New CD is better background music for a party than anything else. Also reviewed, the latest from Puffy AmiYumi.
/ Source: The Associated Press

This week offers two disappointing albums from acts who seem to operate on the one-idea-is-enough-for-a-whole-album principle. Chingy may be fun to dance to, but other than that he doesn't have much to offer. Meanwhile Japanese self-proclaimed "cuties" Puffy AmiYumi wear out their welcome in a big way. Finally, Rufus Wainwright is back with a CD that's meant for only for die-hard fans — it comes packaged with a concert DVD.

Chingy, “Powerballin”’It’s hard to be humble when you’re a high powered rap baller, like the St. Louis-based Chingy. And while he makes party music with the best of them on his latest release “Powerballin’,” the rising star out of Ludacris’ production camp rapidly runs thin on substance.

At its best, “Powerballin”’ is a background party album if you’re planning on a rump shaking affair. But in all truthfulness, despite guest appearances from Janet Jackson, R. Kelly, Lil Wayne and others, it’s a one-trick pony: a less-than-varied mix of big bass lines hoping to support Chingy’s platinum lifestyle rhymes about cars, girls and his self-described Git It Boys posse of hangers-on.

There are a few highlights.
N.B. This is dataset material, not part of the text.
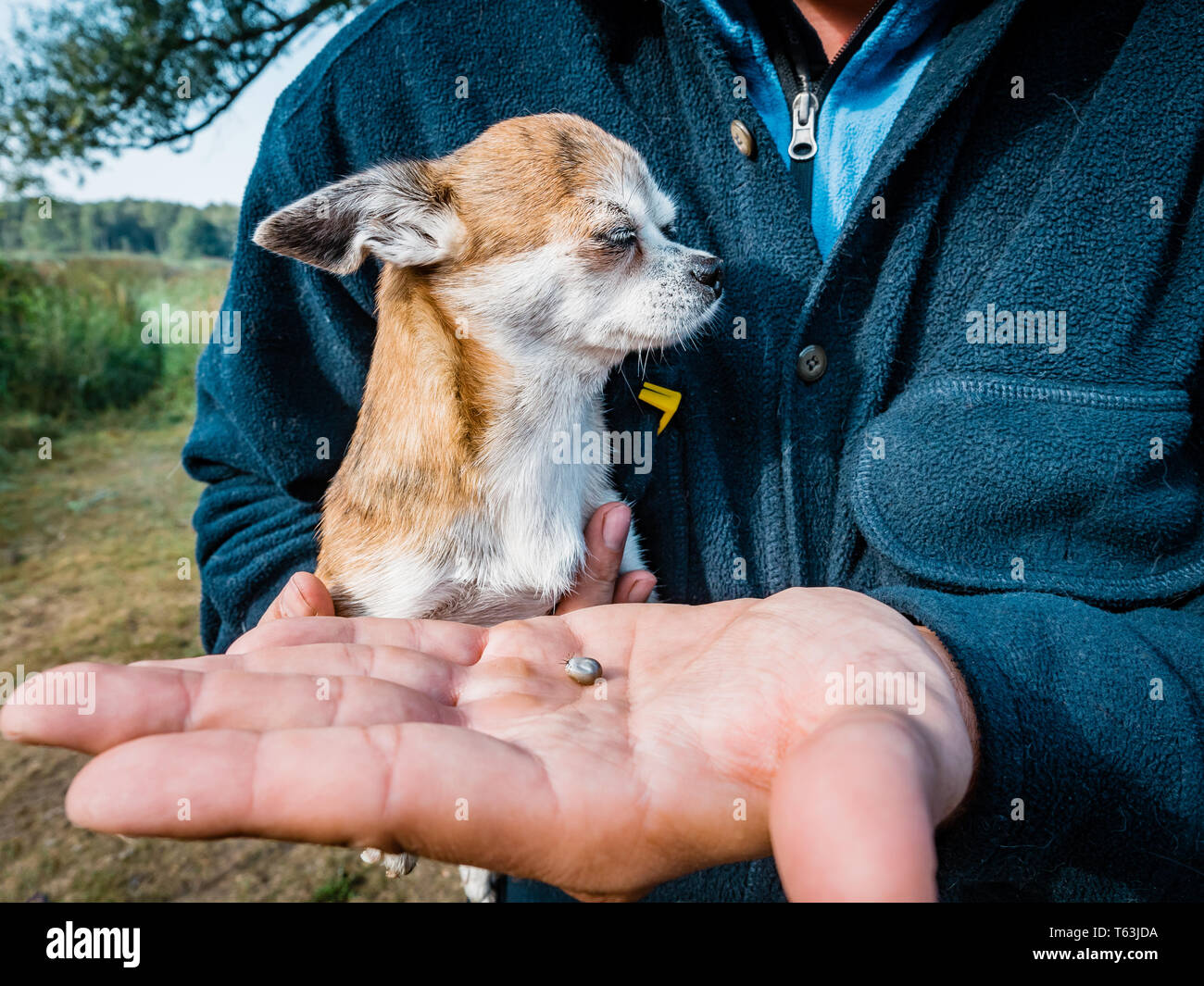 The tick with blood moves on the man hand close up, swollen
On “Give Em Some Mo,” Chingy says “Pop a bottle with me,” inviting the listener to enjoy the rich life with him from a front-row seat. This is one of the better tracks and employs some nifty production tricks like varied tempo speeds, as though a club DJ decided to drop his thumb on the platter and put the brakes on the song before releasing it to full speed again.
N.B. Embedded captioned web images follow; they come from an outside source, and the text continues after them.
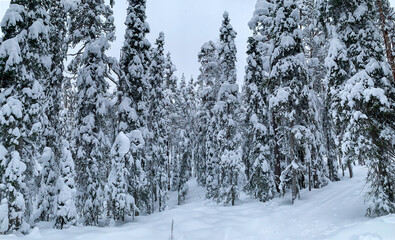 Frozen fir and pine trees in snow-covered forest. Cold winter x-mass landscape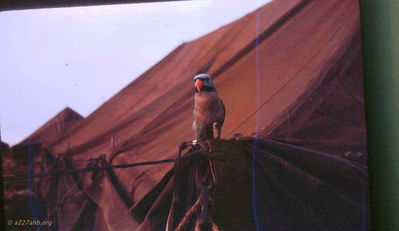 Cliff Richard Photo
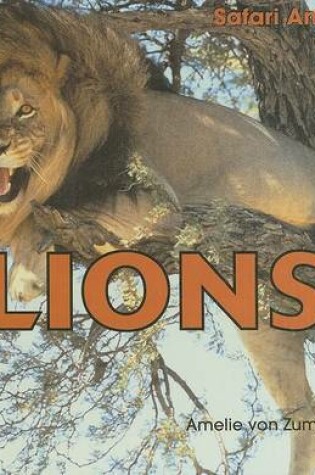 Cover of Lions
More songs like “I Do” and “We Clubbin”’ would have kept this album on an even keel. Dance-worthy fun is what Chingy specializes in, like his previous rocket shot single “Right Thurr.”

He should leave the sordid pimp-life tales to others beneath him.—Ron Harris

Puffy AmiYumi, “Hi Hi Puffy AmiYumi”

The self-described “super-cool cuties” from Japan, Puffy AmiYumi, are back with their fourth full album “Hi Hi Puffy AmiYumi,” primarily a rehashed greatest hits offering with only a smattering of new tracks.

The uber-precocious singing duo, Tokyo’s Ami Onuki and Osaka native Yumi Yoshimura, belts out most of their songs in shrill unison, with a tight backing band rocking all the while. They fearlessly romp through pop-rock songs without catching a breath. Like most sweets, their music is fun in small doses, but too much can leave you aching.

“Hi Hi Puffy AmiYumi Show Theme,” for example, is 100-mph girlishness about themselves performing before their legions of adoring young fans. Amid all the effervescence is a pretty raucous tempo that you can actually do a little guilt-free head-banging to.

The best track is “Friends Forever,” from the “Scooby-Doo 2” movie soundtrack. There’s hope and promise forever when the girls sing “You’ve got my back, pick up my slack when I can’t see/ But nothing picks me up like knowing we’ll be — friends forever.” You gotta love it.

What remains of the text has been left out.